Task statement: Could you repeat every line below exactly, skipping the images?

Data:
* * * *
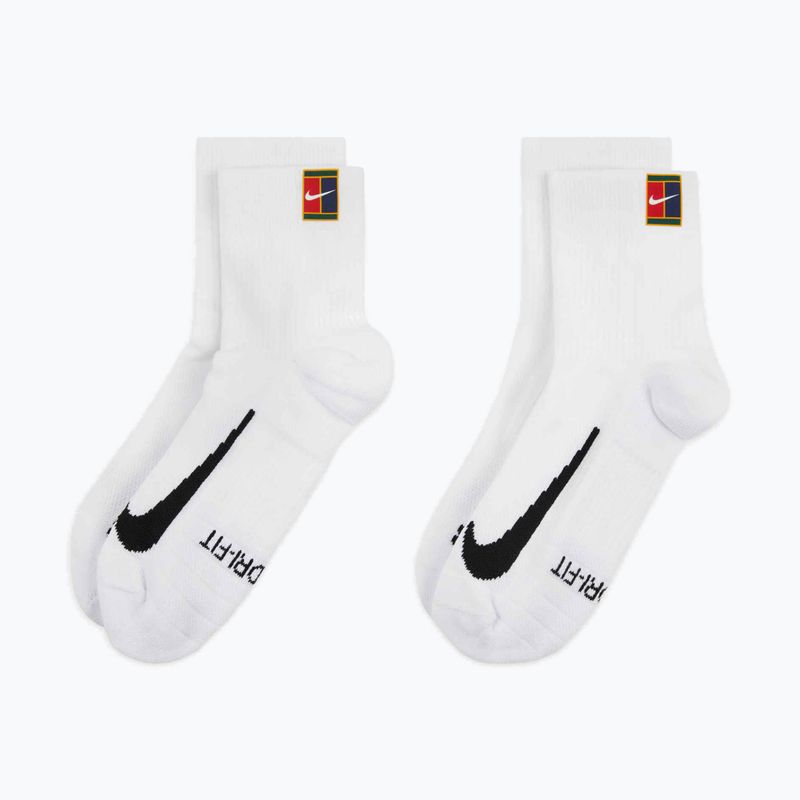 Skarpety Nike Court Multiplier Max 2 pary white/white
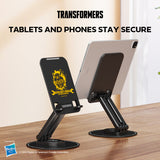 Transformers Tablets Stand Phone Holder Black TF-X07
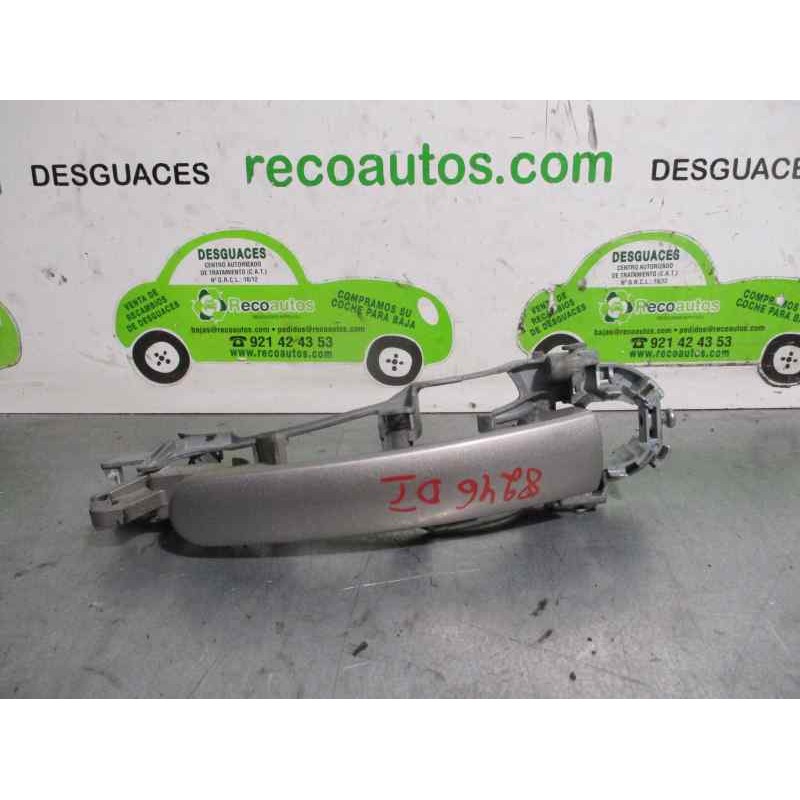 Recambio de maneta exterior delantera izquierda para skoda octavia berlina (1z3) 1.9 tdi referencia OEM IAM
* * * *
Solved problem:
 Skarpety Nike Court Multiplier Max 2 pary white/white
 Transformers Tablets Stand Phone Holder Black TF-X07
 Recambio de maneta exterior delantera izquierda para skoda octavia berlina (1z3) 1.9 tdi referencia OEM IAM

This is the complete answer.